* [DATA SECTION]
====

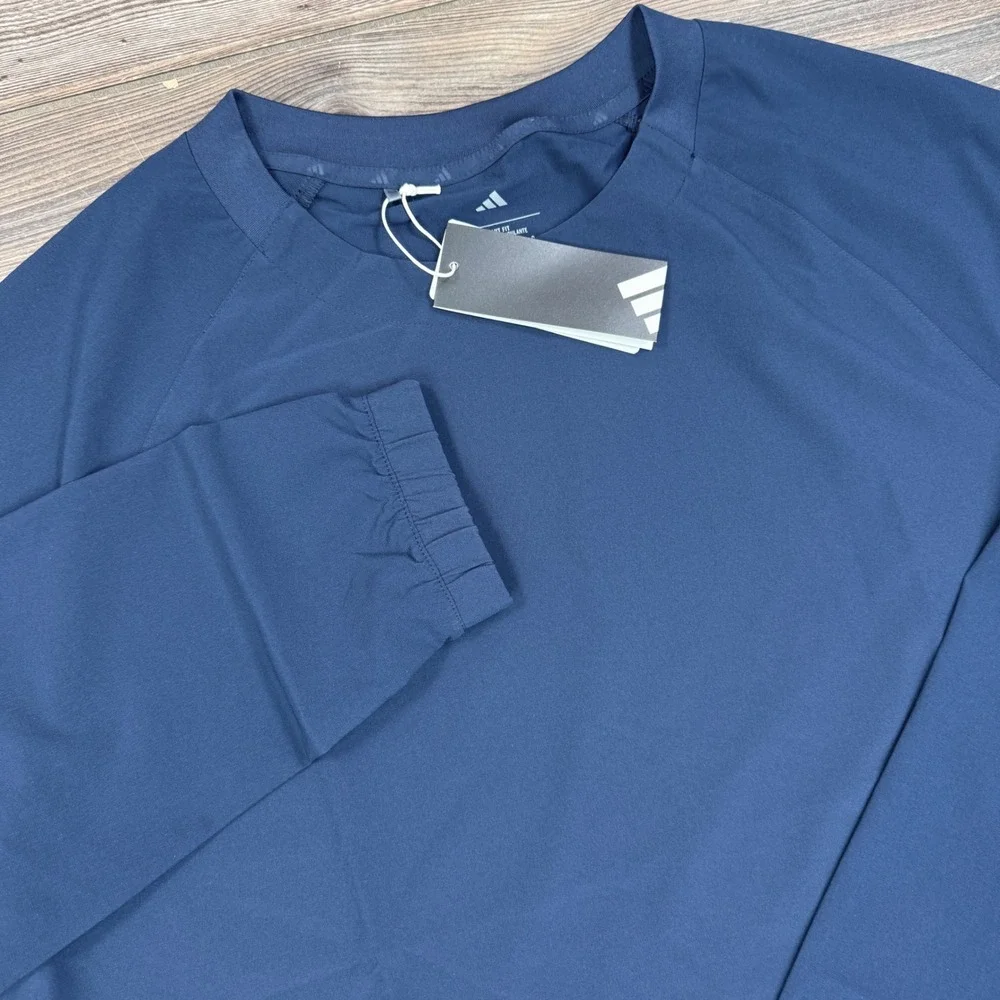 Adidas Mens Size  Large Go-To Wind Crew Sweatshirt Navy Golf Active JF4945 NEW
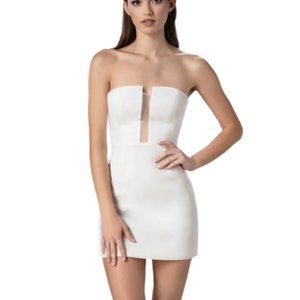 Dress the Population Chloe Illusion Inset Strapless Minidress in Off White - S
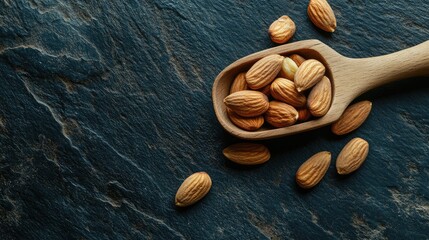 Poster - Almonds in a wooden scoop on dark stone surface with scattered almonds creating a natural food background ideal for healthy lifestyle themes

====

* [WORK TASK] Copy exactly the lines that run from the line containing "Dress the Population" to the end of the data above, keeping both end lines and leaving out all pictures.

* [YOUR RESPONSE]
 Dress the Population Chloe Illusion Inset Strapless Minidress in Off White - S
 Poster - Almonds in a wooden scoop on dark stone surface with scattered almonds creating a natural food background ideal for healthy lifestyle themes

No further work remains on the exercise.